Linda Karshan: Choreographic Aspect (short) 2015 

A unique study of Linda Karshan's feet, capturing the choreographic aspect of her practice.
A Stonedog Production, Directed by Ishmael Annobil

Linda KARSHAN

Linda Karshan is an American artist born in 1947 who lives and works in New York and London. 
Informed by her studies in psychology as well as humanist culture, according to which the universe is numerically ordered, and guided by what she calls her ‘inner choreography, Karshan produces abstract, monochrome performance engravings and drawings that are a direct reflection of the process by which they are created. 
To speak or write about her work is therefore to describe this process, in which the movement of the artist's body plays a central role; a process inspired by her studies under Robert Reed, at Skidmore College, himself a former student and disciple of Josef Albers. 
Since the mid-1990s, Karshan has developed a specific creative process that requires deep concentration but is only partially guided by her intellect : even before entering the studio, she begins to count, in repetitive, rhythmic sequences of varying length.

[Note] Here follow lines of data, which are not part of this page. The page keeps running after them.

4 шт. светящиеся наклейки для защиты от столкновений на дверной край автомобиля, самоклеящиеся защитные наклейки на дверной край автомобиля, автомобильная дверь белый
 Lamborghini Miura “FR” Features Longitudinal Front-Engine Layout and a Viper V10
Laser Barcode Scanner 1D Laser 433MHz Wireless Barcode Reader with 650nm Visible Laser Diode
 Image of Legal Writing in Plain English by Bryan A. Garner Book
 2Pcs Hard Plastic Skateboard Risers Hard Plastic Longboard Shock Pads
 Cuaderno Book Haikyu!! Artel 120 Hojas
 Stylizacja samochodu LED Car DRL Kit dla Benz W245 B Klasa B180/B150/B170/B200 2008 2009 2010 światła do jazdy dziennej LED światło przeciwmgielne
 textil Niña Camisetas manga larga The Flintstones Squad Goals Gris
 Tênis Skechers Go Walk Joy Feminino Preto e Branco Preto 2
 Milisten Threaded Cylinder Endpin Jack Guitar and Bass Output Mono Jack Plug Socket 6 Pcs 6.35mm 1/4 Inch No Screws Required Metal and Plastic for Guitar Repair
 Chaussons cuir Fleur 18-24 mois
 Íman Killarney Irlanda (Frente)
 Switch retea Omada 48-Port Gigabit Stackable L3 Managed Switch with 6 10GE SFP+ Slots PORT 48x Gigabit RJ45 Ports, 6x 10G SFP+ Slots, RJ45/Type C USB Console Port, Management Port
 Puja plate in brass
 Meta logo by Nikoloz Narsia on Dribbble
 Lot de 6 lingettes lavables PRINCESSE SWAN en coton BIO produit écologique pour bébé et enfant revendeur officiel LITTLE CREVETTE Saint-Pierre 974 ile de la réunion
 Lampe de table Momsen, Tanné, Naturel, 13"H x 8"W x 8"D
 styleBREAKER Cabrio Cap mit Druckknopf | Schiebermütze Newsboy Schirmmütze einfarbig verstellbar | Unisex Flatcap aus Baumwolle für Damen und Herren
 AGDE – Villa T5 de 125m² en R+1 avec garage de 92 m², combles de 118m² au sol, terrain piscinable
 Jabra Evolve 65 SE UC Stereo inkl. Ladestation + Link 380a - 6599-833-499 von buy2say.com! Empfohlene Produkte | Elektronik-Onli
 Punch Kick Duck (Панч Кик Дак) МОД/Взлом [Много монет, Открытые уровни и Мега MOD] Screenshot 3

This rhythm continues in the studio and takes hold of her body. Listening to her internal rhythm, the artist leans towards her drawing table, taking care not to touch it, her right arm stretched out in front of her, holding the graphite pencil in her fist and using her opposite leg as a balance, she draws the line that expresses her body's state of balance at that precise moment. The artist then turns the sheet of paper through 90 or 180 degrees, always listening to this internal rhythm that dictates the number of rotations of the sheet and the pressure exerted on the graphite stick. 

Linda Karshan’s Walked Drawingsbegan in 2018 with a serendipitous moment of visual inspiration. They evolved into a technique of drawing with sound. (…) It is sound, more than anything else, that distinguishes the Walked Drawings from her works on paper. More than the heightened physicality of the visual element, or the novelty of the figure of the artist herself marking her lines in space, it was the echoes of her footsteps – changing from room to room, surface to surface, at times recalling the soft scratching of graphite on good thick paper and at others evoking a sacred choir – that intrigued Karshan and urged her practice onwards. The presence of the artist and her choreography allow each space to speak in its own individual voice.